This week, I mainly focused on conducting research for our proposal use-case requirements and some components necessary to achieve them.

To properly quantify our project’s service expectations, I took a look into research about service times of existing fast food restaurants and found this 2016 research by QSR Magazine particularly interesting. Although it is about drive-thru service specifically, the research data does suggest that customers expect an average service time of about 200 seconds. A news report from 2020 claims that drive-thru has been slowing down in recent years, which means the expectation nowadays could potentially be even lower.
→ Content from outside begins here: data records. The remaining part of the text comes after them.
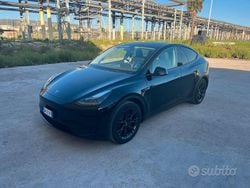 Nero Usata 2024 Tesla Model Y RWD SUV | 38.000 € (Buon prezzo)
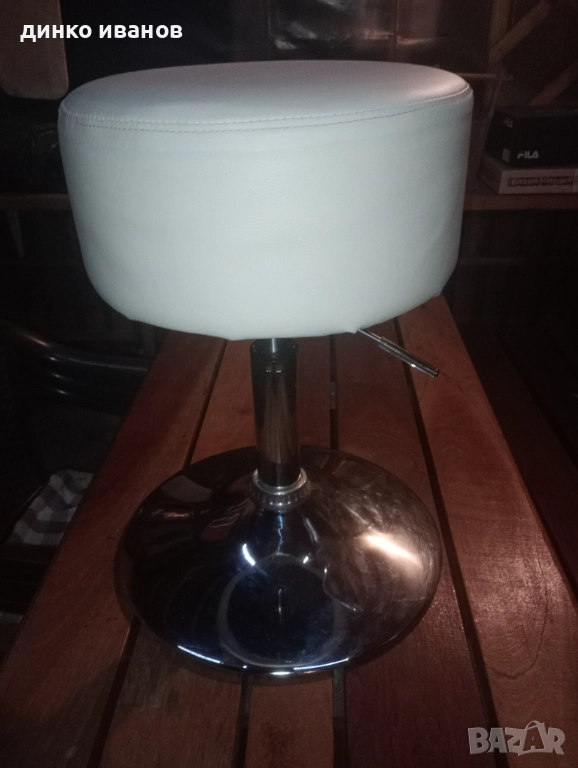 Козметична-фризьорска кожена табуретка с повдигащ механизъм , снимка 1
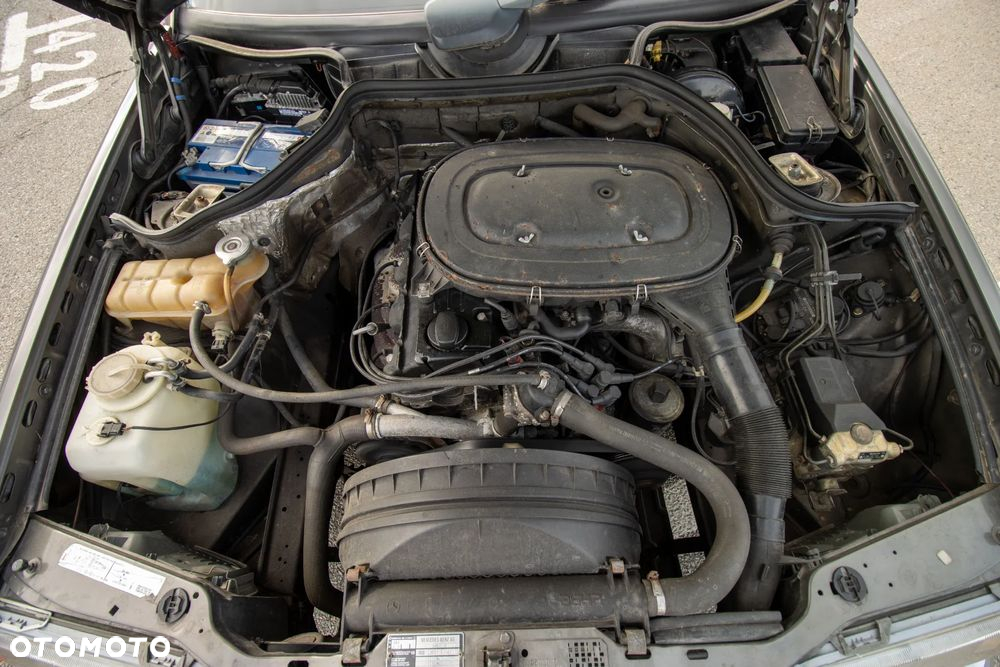 Mercedes-Benz W124 (1984-1993) - 21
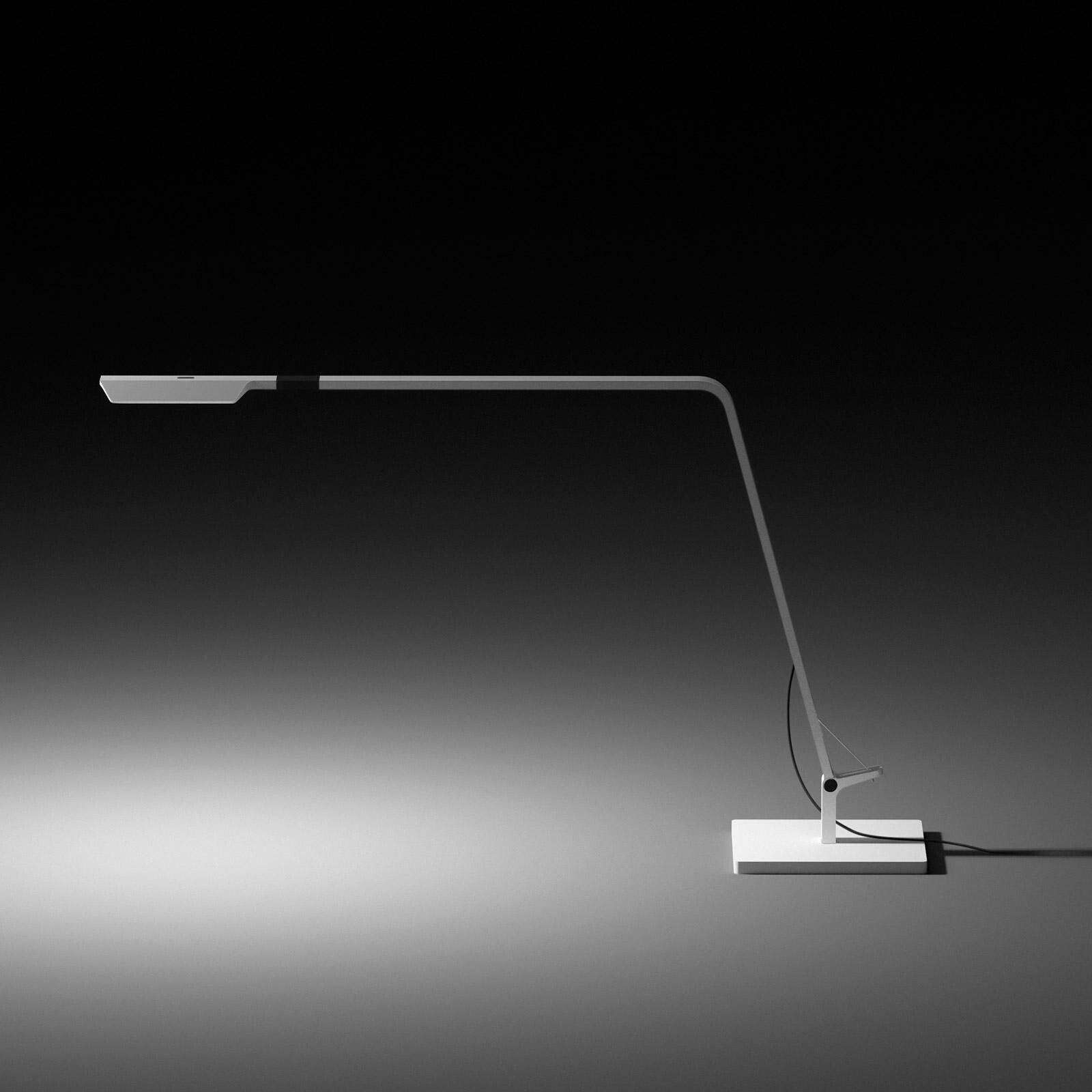 Flex 0750 LED Desk lamp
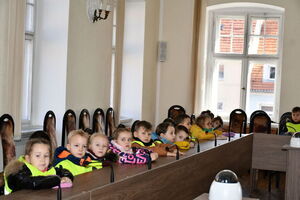 Przedszkolaki z Chatki Puchatka z wizytą u Burmistrza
To achieve our use-case requirements (see proposal), we need one or more directional microphones that can receive verbal inputs from a distance of 0.5m to 1.0m. They will be driven by a Raspberry Pi or an Arduino, which requires USB or I2S connectivity. Here’s a list of some options I’ve found so far:

WM8960 I2S Microphone
- Raspberry Pi connectivity, compatible with Raspberry Pi Zero/Zero W/Zero
- WH/2B/3B/3B+
- Comes with demo and development guide in Python
MP34DT01 I2S Microphone
- More compatible with Arduino, includes device-specific library
- CircuitPython module (in Python, C)
Samson Go USB Mic
- Compatible with with Raspberry Pi and laptops (Mac & Windows)
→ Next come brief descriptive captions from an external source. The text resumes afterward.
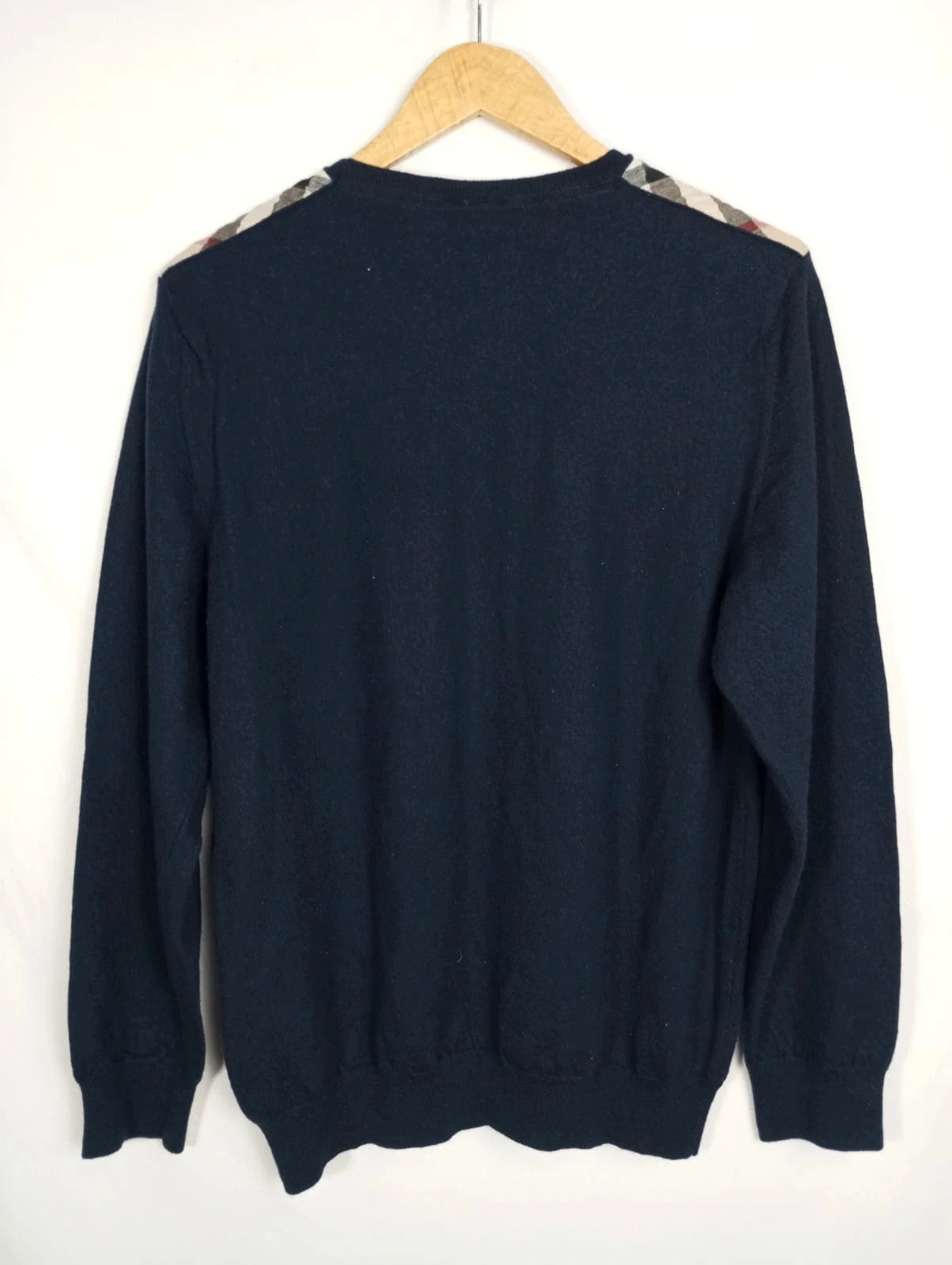 jersey de lana merino 100%
Burberry Brit azul marino XXL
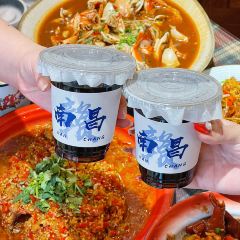 清晨落夜小酒馆 User Photo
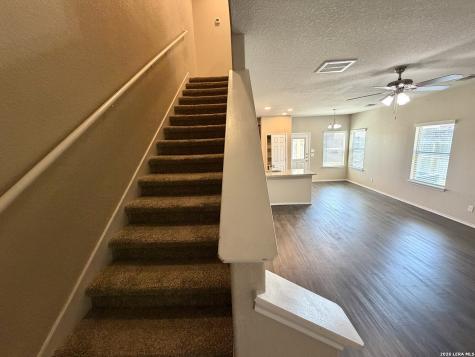 5522 Haven Springs Converse TX 78109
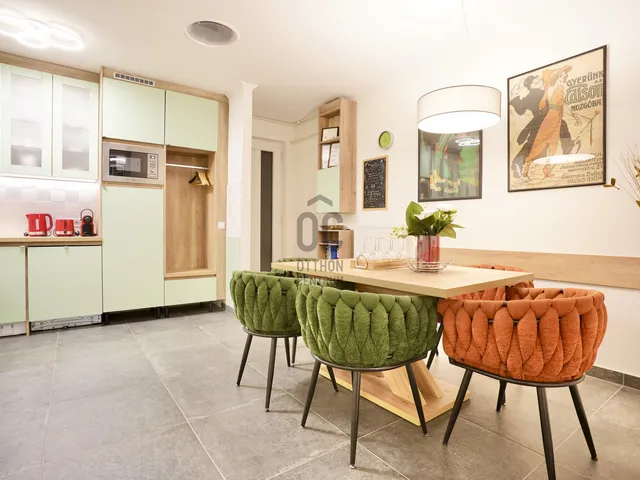 Eladó lakás Budapest VI. kerület 75 nm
In addition, I also took a look at available commercial databases. In our proposal, we chose to use noSQL cloud database, which leaves us with two prominent options:

AWS DynamoDB: fast insertions and deletions, but less customizable and structured
Redis: supports secondary database models like the document store, graph DBMS, and spatial DBMS

About Schedule

Since we have scheduled two weeks for preliminary research (i.e. to be completed by 2/19/2023, the due date for our design presentation), I am on track with our schedule.

Plans for Next Week

I hope to finalize our microphone, microcontroller, and database selection by next Wednesday, which will allow us to finish our design and start gathering chosen components. I will also be our group’s presenter, so the rest of the week will be spent on polishing our presentation slides and preparing for Monday’s presentation.
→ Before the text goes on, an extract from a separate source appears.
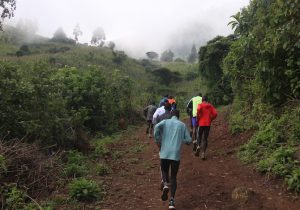 viaggio-kenya-camioni-corsa
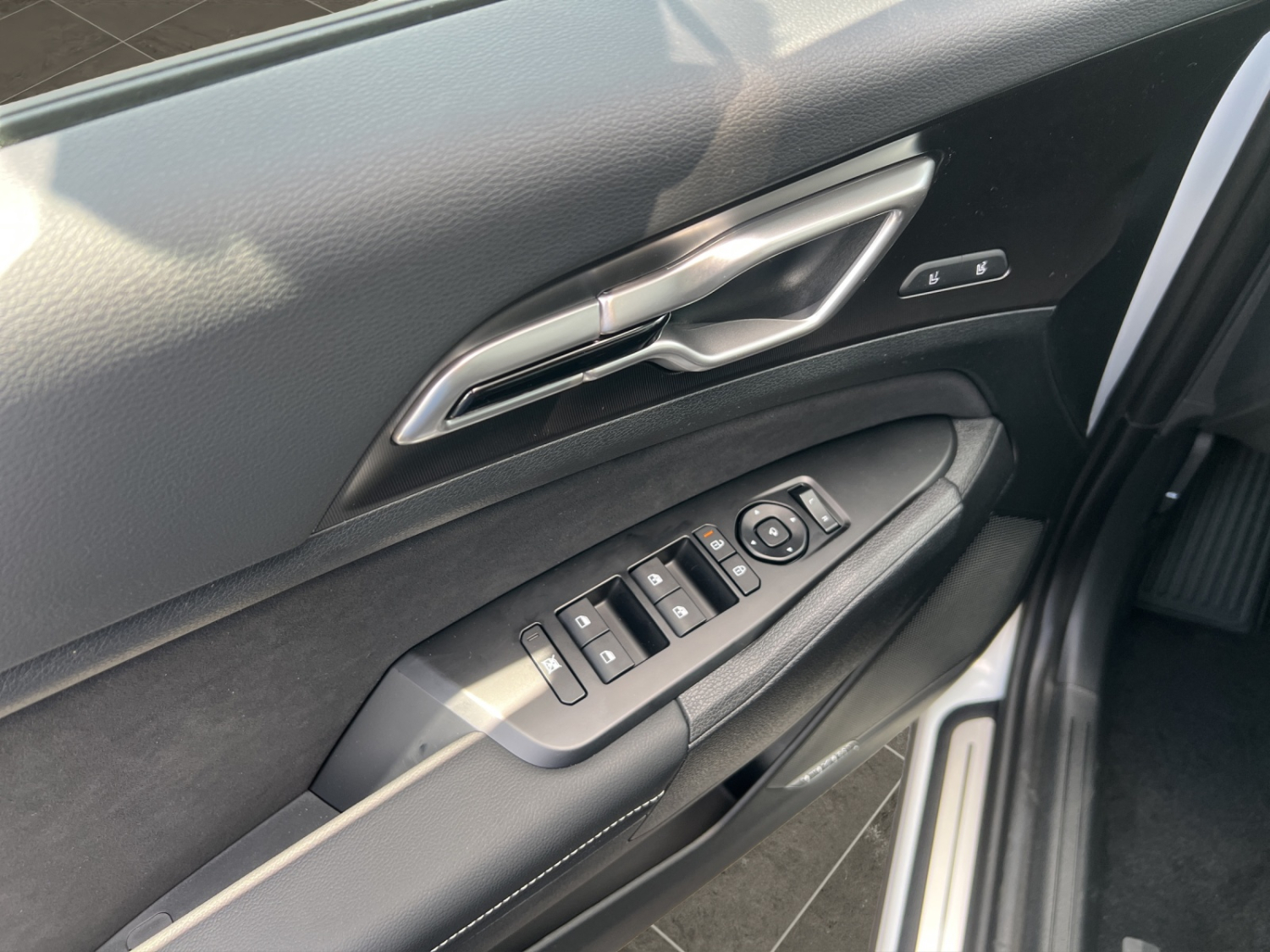 KIA Sportage 1.6 T-GDi Hybrid GT-Line-image-17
Team Status Report For 2/11/2023

Our project includes considerations for customer convenience, employee welfare, and restaurant cost reduction. Our system will provide an alternative ordering approach to fast food restaurant customers, and reduce the number of cashiers required. This could also improve existing employees’ working conditions, as they no longer need to shuffle between the counter and the kitchen and can focus on food preparation.

This week, we updated our Gantt Chart to increase slack time at the end of the project timeline. This time will allow us to conduct more end-to-end tests if necessary and fix unexpected issues with our final product. We also created preliminary designs for our whole system, separating the system into hardware, front-end software, and back-end software components. Use-case requirements and testing metrics were updated based on our research about existing fast-food services and hardware systems. Next week, we will finalize our design, prepare for the upcoming design presentation, and start gathering necessary project components.